Descriptions of the civic space violations happening in each country are provided below. If you have information to share on civic space in any of these countries, please write to

Kyrgyzstan remains on our Watchlist following the President’s signing of the contentious “foreign agent” law on 2 April, 2024. Non-governmental organisations that receive funding from abroad and engage in so-called political activities must now register as “foreign representatives” by 16 July. Those who fail to do so risk suspension of their activities or liquidation.
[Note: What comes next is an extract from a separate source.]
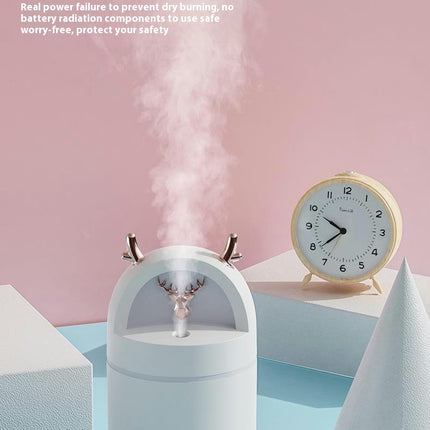 Home Desktop USB Antler Humidifier Bedroom Office Large Spray Air Humidifier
Reports indicate that some organisations have already shut down their operations due to fears of the law's potential consequences.
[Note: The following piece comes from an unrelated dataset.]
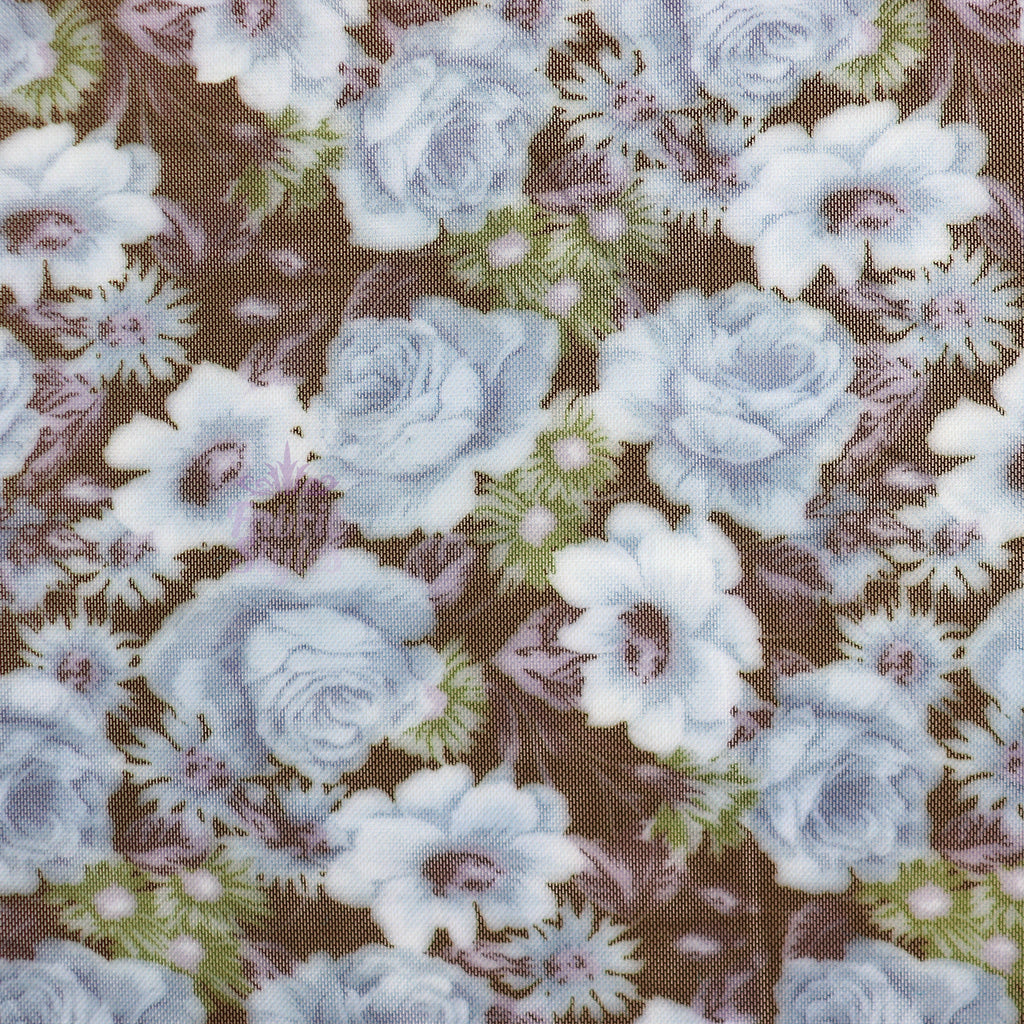 Blue Rose Floral Power Mesh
Following a protracted process, over 20 journalists, activists, human rights defenders, and opposition figures arrested in the so-called “Kempir-Abad case” in 2022 were acquitted on 14 June 2024. However, the prosecution has appealed this ruling and authorities continue to detain critics on trumped-up charges, threatening them with heavy prison sentences.

Eleven journalists from the investigative group Temirov Live, arrested in January 2024 on charges of calling for “disobedience” and riots related to their reporting, went on trial in June. If convicted, they could face up to eight years in prison. At the start of the trial, four remained in pre-trial detention, including Makhabat Tajibek kyzy, the director of Temirov Live and wife of the group’s chief editor, Bolot Temirov, who was expelled from the country in 2022. She reported being beaten by a prison officer in April, with representatives of the Ombudsperson’s office confirming she had suffered bruises to her face, hands and body. However, the prosecutor’s office later announced the closure of the investigation into her allegations, accusing her of staging her own injuries.
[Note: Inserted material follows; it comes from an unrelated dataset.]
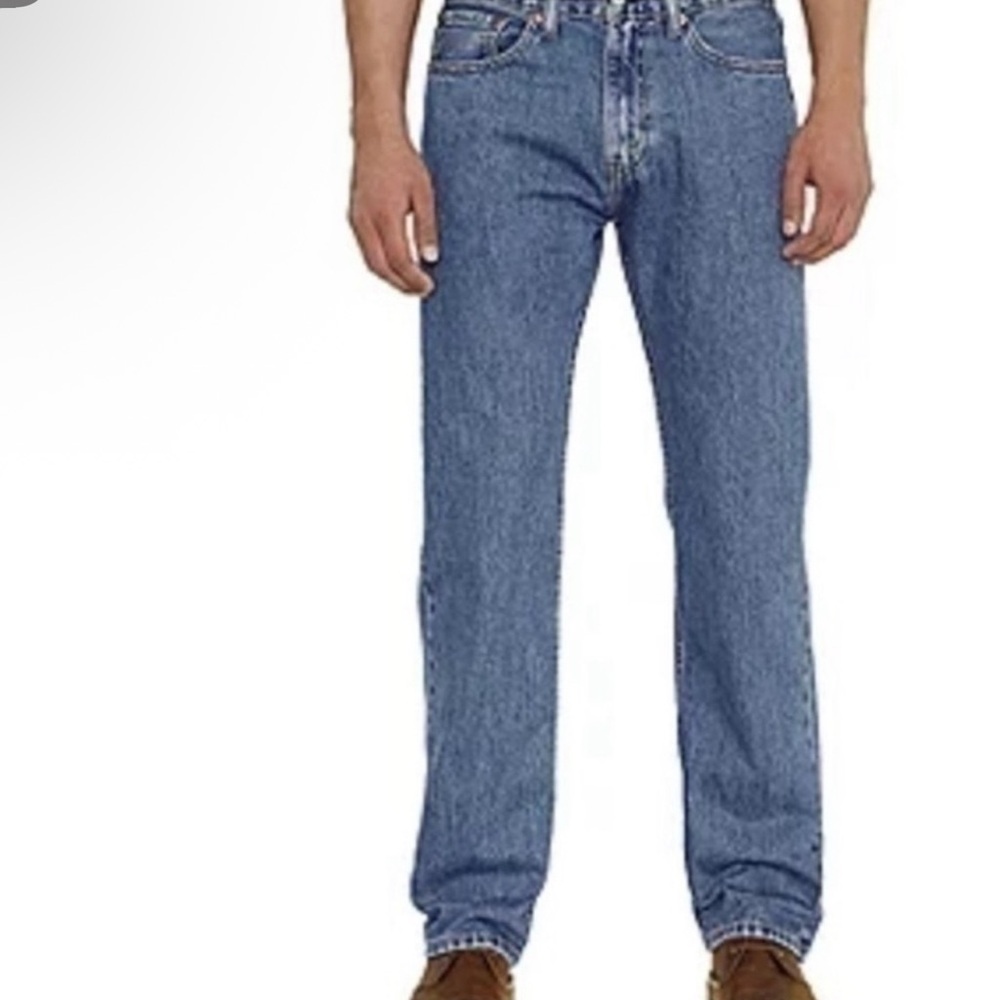 Levi’s 505 Classic Straight Leg Regular Fit Jeans 40W 32W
The space for free expression continues to shrink. In May 2024, the court decision to shut down the investigative portal Kloop was upheld on appeal. A widely criticised draft media law remains under consideration and other draft legislation would allow the government to issue fines for “slander” and “insults” in media and online without court sanction. Additionally, an increasing number of blogger-activists have faced criminal charges due to their social media posts and civic engagement. For example, writer-activist Olzhobay Shakir was recently sentenced to five years in prison, poet-musician Askat Zhetigen to three years in prison, and human rights activist Ondurush Toktonasyrov fined the equivalent of around 1000 EUR because of social media posts.

There are serious concerns about the state of civic space in Thailand, particularly the targeting of activists, critics and the opposition by the government of Prime Minister Srettha Thavisin.

The government has continued to use royal defamation (lèse-majesté) provisions or Article 112 to arrest and convict activists, critics and politicians for insulting the monarchy. Courts routinely deny bail to individuals charged or impose strict conditions in cases where bail is granted. According to Thai Lawyers for Human Rights (TLHR), since early 2020, more than 270 people have been charged with violating the law and at least 17 are being held in pre-trial detention.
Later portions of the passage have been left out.